Bass C, Glaser D. Early recognition and management of fabricated or induced illness in children. Lancet. 2014 Apr 19;383(9926):1412-21.

Kozlowska K, Foley S, Savage B.Fabricated illness: working within the family system to find a pathway to health. Fam Process. 2012 Dec;51(4):570-87.

Kozlowska K.When the lie is the truth: grounded theory analysis of an online support group for factitious disorder. Psychiatry Res. 2014 Dec 30;220(3):1176-7.

Bass C, Jones D.Psychopathology of perpetrators of fabricated or induced illness in children: case series. Br J Psychiatry. 2011 Aug;199(2):113-8.

Bools CN, Neale BA, Meadow SR.Follow up of victims of fabricated illness (Munchausen syndrome by proxy).

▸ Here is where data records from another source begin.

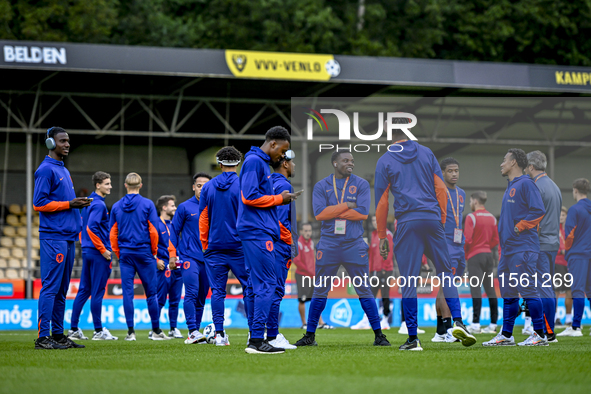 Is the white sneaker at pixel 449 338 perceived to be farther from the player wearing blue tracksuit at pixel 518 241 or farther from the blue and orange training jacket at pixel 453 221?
the blue and orange training jacket at pixel 453 221

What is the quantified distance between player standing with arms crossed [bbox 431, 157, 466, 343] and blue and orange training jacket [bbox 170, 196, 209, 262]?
3.26 meters

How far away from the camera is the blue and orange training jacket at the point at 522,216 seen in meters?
8.34

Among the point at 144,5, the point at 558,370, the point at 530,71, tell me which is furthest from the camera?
the point at 144,5

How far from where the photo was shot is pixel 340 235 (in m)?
8.87

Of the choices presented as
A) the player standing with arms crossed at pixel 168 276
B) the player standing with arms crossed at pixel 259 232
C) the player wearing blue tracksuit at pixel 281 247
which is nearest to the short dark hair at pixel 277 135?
the player standing with arms crossed at pixel 259 232

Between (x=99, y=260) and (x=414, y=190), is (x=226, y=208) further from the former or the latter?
(x=99, y=260)

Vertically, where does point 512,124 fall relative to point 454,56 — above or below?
below

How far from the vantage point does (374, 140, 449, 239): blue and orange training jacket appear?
7.84 meters

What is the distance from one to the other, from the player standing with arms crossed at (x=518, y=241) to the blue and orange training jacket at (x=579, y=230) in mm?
2643

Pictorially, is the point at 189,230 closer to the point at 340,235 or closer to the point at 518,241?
the point at 340,235

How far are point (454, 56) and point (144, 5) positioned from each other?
14.6 m

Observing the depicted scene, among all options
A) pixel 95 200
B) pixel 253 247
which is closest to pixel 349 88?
pixel 95 200

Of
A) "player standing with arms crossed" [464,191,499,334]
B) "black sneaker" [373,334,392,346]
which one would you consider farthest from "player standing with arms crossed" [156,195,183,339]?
"player standing with arms crossed" [464,191,499,334]

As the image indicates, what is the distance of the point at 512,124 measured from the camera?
21.6 m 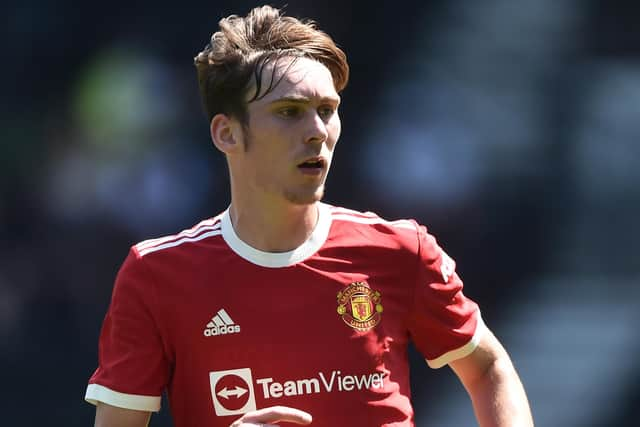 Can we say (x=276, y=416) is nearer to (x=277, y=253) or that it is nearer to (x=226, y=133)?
(x=277, y=253)

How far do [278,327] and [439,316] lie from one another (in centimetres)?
43

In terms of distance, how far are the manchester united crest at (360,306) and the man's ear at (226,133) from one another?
1.62 ft

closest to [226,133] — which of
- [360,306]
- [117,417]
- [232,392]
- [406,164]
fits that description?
[360,306]

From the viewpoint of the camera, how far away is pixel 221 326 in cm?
287

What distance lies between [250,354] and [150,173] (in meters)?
4.70

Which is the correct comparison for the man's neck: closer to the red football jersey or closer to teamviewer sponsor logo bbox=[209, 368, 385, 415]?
the red football jersey

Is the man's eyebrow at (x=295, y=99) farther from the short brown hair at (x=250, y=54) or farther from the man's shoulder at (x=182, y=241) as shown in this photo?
the man's shoulder at (x=182, y=241)

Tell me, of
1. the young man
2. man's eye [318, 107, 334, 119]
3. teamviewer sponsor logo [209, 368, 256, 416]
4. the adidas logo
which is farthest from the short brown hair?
teamviewer sponsor logo [209, 368, 256, 416]

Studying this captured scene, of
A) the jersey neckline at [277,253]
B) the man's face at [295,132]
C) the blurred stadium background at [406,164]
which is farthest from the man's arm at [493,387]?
the blurred stadium background at [406,164]

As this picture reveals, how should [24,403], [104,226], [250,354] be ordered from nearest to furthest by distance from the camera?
[250,354], [24,403], [104,226]

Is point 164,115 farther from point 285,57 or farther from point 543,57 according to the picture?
point 285,57

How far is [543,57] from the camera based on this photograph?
23.9 ft

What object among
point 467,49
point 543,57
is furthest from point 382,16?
point 543,57

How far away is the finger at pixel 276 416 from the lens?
2574mm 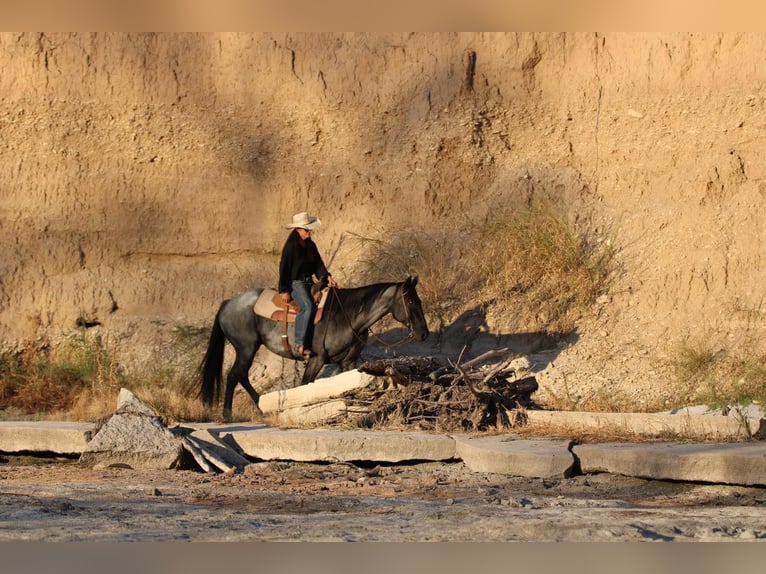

Arch Dis Child. 1993 Dec;69(6):625-30.

Adshead G, Bluglass K. Attachment representations in mothers with abnormal illness behaviour by proxy. Br J Psychiatry. 2005 Oct;187:328-33.

Adshead G, Bluglass K. A vicious circle: transgenerational attachment representations in a case of factitious illness by proxy. Attach Hum Dev. 2001 Apr;3(1):77-95.

Fish E, Bromfield L and Higgins D. A new name for Munchausen Syndrome by Proxy: Defining Fabricated or Induced Illness by Carers. Australian Institute of Family Studies. 2005; 23.